The text is signed by well over 100 people, including, Alain Jugnon, French writer, philosopher and playwright; Alain-G. Gagnon, political theorist at the Université du Québec; Antonio Negri, Italian sociologist and philosopher and his sometime co-author, political theorist, Michael Hardt; Bruce Bégout, French philosopher; Catherine Malabou, French philosopher, professor at Kingston University; Dominic Keown, expert in Catalan studies at the University of Cambridge; Italian historians Enzo Traverso and Giovanni Levi; Idith Zertal, Israeli historian and professor at the Université de Basel, Switzerland; Ivan Segré, French philosopher; John Hutchinson, historian and sociologist at the London School of Economics; Mari Paz Balibrea, reader in modern Spanish literature and cultural studies at the University of London; Peter Szendy, French philosopher and musicologist and the Turkish-American thinker and professor at Yale, USA, Seyla Benhabib.

The manifesto's authors maintain that "irrespective of the positions for or against the independence of Catalonia", the thing that has become evident in recent days is the tension between the "authoritarian inertia of a certain understanding of state power", an indirect reference to the Spanish state, and the attempts "to build political strategies oriented towards the normative horizon of our democracies".

Overflowing of the democracy

In this context, the thinkers say that Spain has "systemically neglected its political obligations" in relation to the conflict in Catalonia. Firstly, for having rejected negotiating a legal and mutually agreed upon referendum and secondly, for undermining the rule of law by "applying de facto measures fully consistent with a state of exception", despite the "parliamentary impossibility" of doing so.

Among the actions the signatories list the restrictions of the rights to assembly and to protest in both Catalonia and Spain, the charges of sedition for civil organisations, the censorship of access to websites related to the referendum, the arrests of public and senior elected officials and the summons to trial of more than 700 mayors.

As such, the intellectuals give support to the referendum as a means to "condemn the authoritarian logic" and to "move towards a post-national political culture" in which such conflicts can be decided using "non-violent procedures".

The complete text of the manifesto:

"Not so long ago the international public was being led to interpret the current Catalan conflict as a nationalist one connected to the most disastrous past in the history of twentieth-century Europe. The ghosts of past wars blurred the vision as to what was really at stake. The events of these last days have begun to dismantle this interpretative framework. They urge us to revise the dominant superficial interpretation which may have caused the troubling reticence of much of the international public to consider this case nothing more than a localized, domestic affair. What has become clear in the past few days, irrespective of the positions for or against the independence of Catalonia, is the tension between the authoritarian inertia of a certain understanding of state power, on the one hand and on the other – the existence of precarious but determined attempts to build political strategies oriented towards the normative horizon of our democracies.

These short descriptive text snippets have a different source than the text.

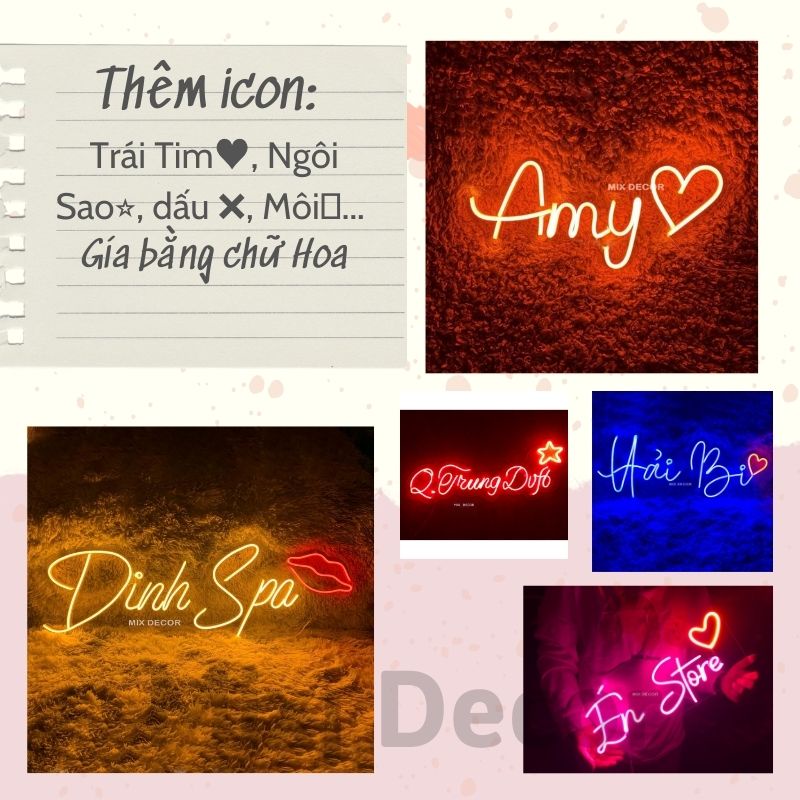 Chữ Led | Đèn led Neon theo yêu cầu | Chữ led trang trí, Decor, Phòng ngủ | Quà Tặng Cực Chất | Tặng keo dính- Mixj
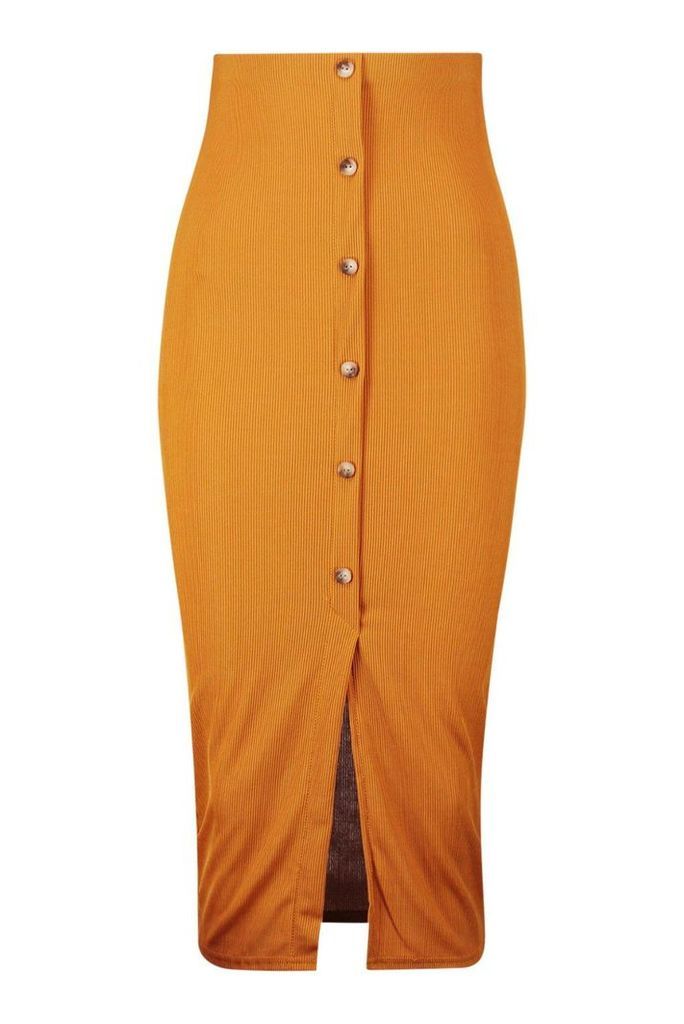 Womens Ribbed Mock Horn Button Through Midaxi Skirt - Yellow - 14, Yellow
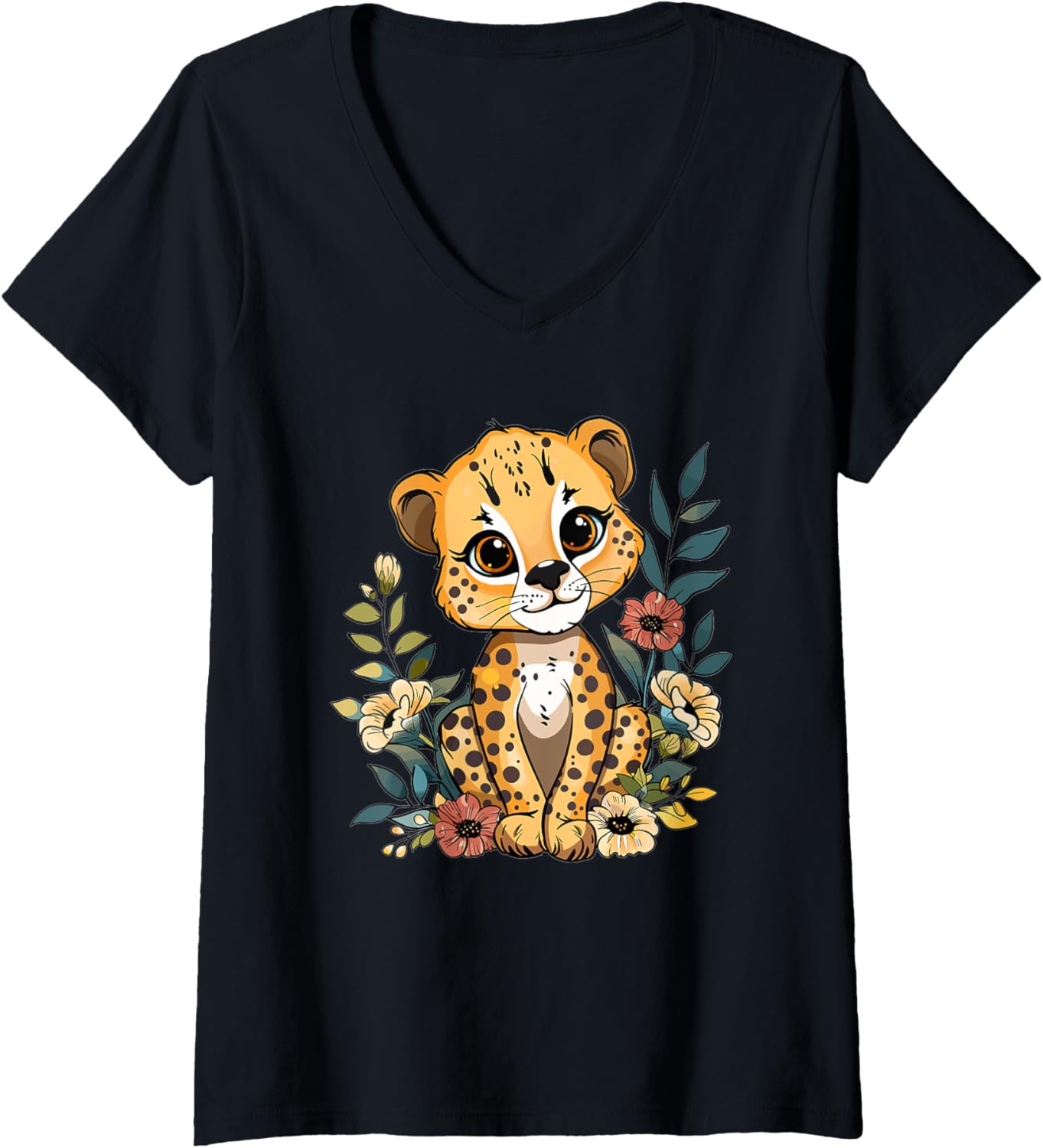 Womens Cute Cheetah With Flowers I Cheetah V Neck Apparel Premium Print Everyday Wear
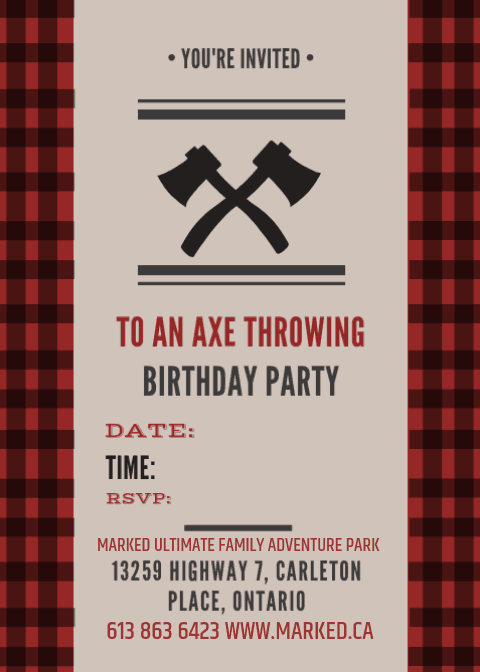 Axe Throwing Party Invitation PDF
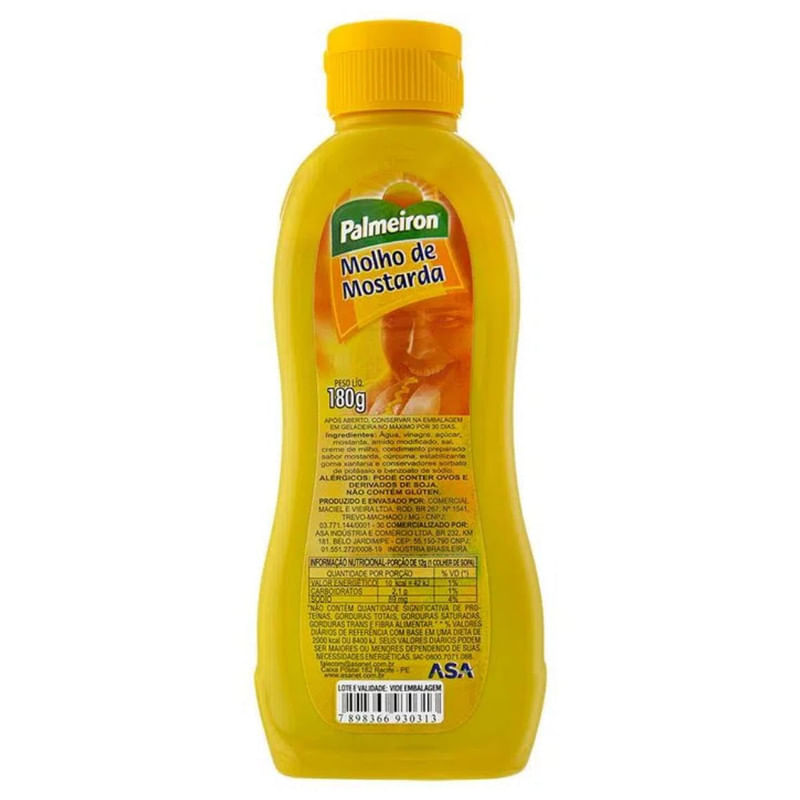 Molho de Mostarda Palmeiron Squeeze 180g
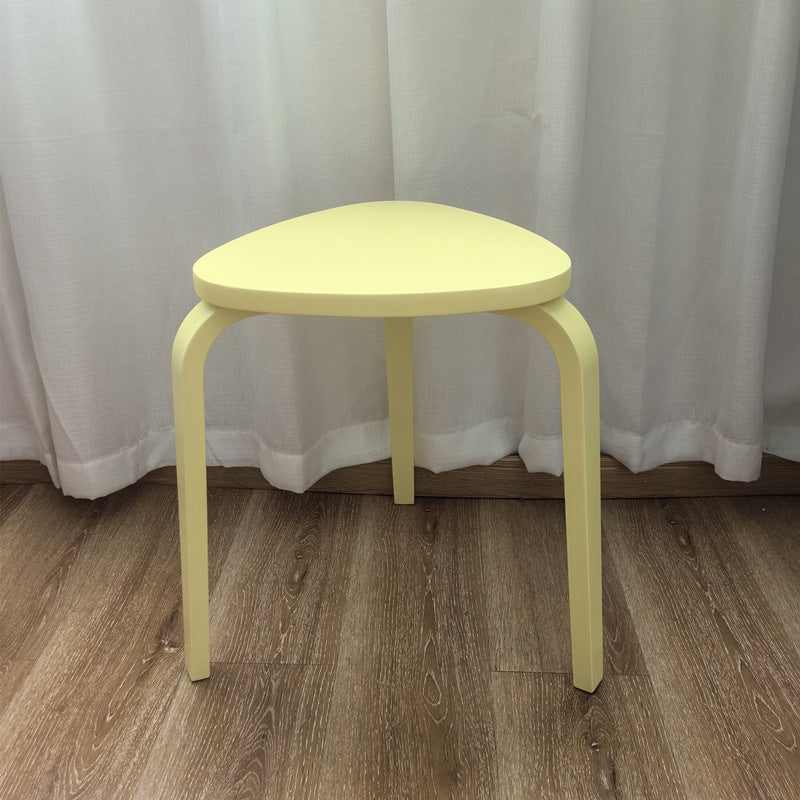 Contemporary Scandinavian Wood Triangle Low Stool Stackable For Dining Room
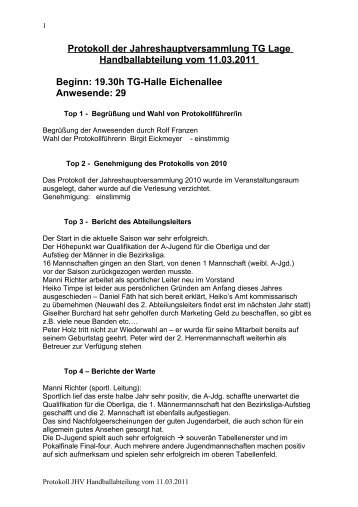 Protokoll der Jahreshauptversammlung TG Lage Handballabteilung ...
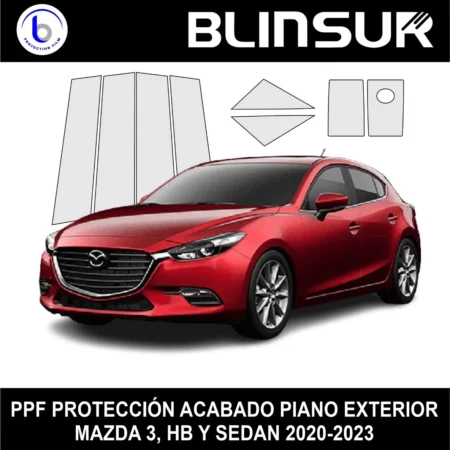 Protección Ppf Postes Exteriores Para Mazda 3 2020 Al 2023 - Image 3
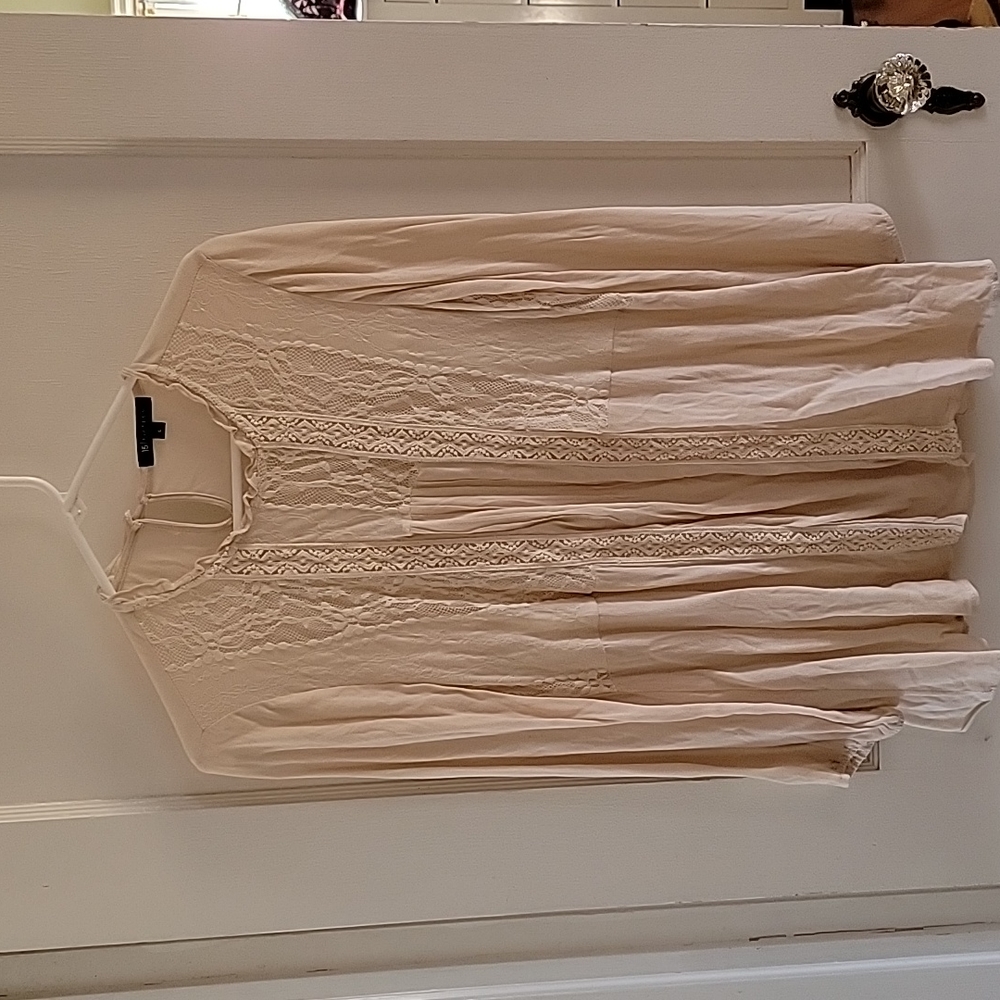 Cottagecore ivory blouse Large with lace detail  15 Fifteen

Over the last years, the majority of Catalan society (60% according to the last 2015 elections; roughly 80% according to official surveys) has repeatedly expressed the will to decide democratically its own political status. Faced with this demand, the Spanish state, which can by no means be seen as either embodying or expressing the diverse sensibilities and political aspirations of Spanish society as a whole, has systemically   neglected its political obligations.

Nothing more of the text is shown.